Within two weeks of starting, she had finished her picture. She couldn’t afford to frame it but hoped that Father Kelly would be pleased all the same. Seamus had the glint of a tear in his eyes when he looked at it and pronounced it perfect.
She felt a little embarrassed as she handed it over to Father Kelly, explaining that she wanted to give him a gift to say thank you for all his support and she hoped he didn’t think it was frivolous.
He carried it over to the window so he could examine it properly in the light and for a while he didn’t say anything, making Annie feel nervous. Had she done something wrong? Broken some church law?
At last he turned and beamed at her. ‘I think this is the most precious gift I have ever been given. I had no idea you were so talented. Every stitch is perfect, and the design is glorious.’
‘Oh good, I’m glad you like it.’ She began to sort through some flowers, but he hadn’t finished.
‘I’m moved beyond measure that you would give this to me. I’ll cherish it for ever.’
Annie bit her lip with pleasure.
‘I would love to see more of your work,’ he continued.
‘I could do some for the next yard sale if you like,’ she suggested.
‘Your work’s far too good for that!’ he exclaimed. ‘No one round here could afford to pay what it is worth. But I wonder … I have a parishioner who works for one of New York’s top dressmakers, Camille Ozaney. Can I show her this picture and ask if she would like you to help embroider her ladies’ dresses?’
‘Oh, I’m not sure I’d have time what with the children and Seamus to look after.’ Annie thought for a moment. ‘But I suppose the money would be useful.’
‘Why don’t you have a chat with her?’
Camille Ozaney found Annie’s sampler charming and offered her a trial job embroidering two hundred tiny silver butterflies onto white taffeta for a ballgown. Annie had to shift a table over beside the window in the front room and cover it with white sheets to keep the costly fabric clean, and she sat there where the daylight was brightest, painstakingly creating her butterflies. There wasn’t a stray end of thread or an imprecise stitch, and the spacing between each butterfly was geometrically precise. She wrapped the finished work in tissue paper and took it down to Father Kelly, who delivered it to Mrs Ozaney.
More work followed: she was asked to stitch colourful oriental designs onto purple velvet collars, elaborate curlicues onto evening jackets, and flowers of all shapes and hues onto gowns of brocade and satin, chiffon and lace. Sometimes she was given jet beads or seed pearls to incorporate into the pattern, or sequins that looked like tiny mirrors. Camille would send a sketch with rough pencilled instructions, but Annie was the artist who rendered the images and brought them to life.
The work was absorbing and didn’t leave her much time to think, but she always felt as though Finbarr was around while she was embroidering. Roisin and Ciaran would play on the floor nearby, Patrick was at school and Seamus at work. She looked forward to those moments when she was at peace with the world.
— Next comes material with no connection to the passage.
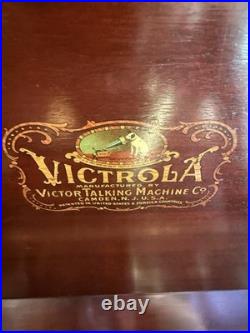 Antique VICTOR VICTROLA PHONOGRAPH VV-Xi TALKING MACHINE Record Player PLAYS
‘Is it all right where you are?’ she asked Finbarr one time, in her thoughts.
Immediately an answer came: ‘Ma, it’s wonderful here. I’m with yer da and he sends his love. He’s been looking out for me since I arrived.’
Annie’s father had died ten years earlier, when Finbarr was just a baby. ‘That’s good. I hoped he would. It’s nice to think of the two of you together.’
She smiled at the image and carried on with her stitching.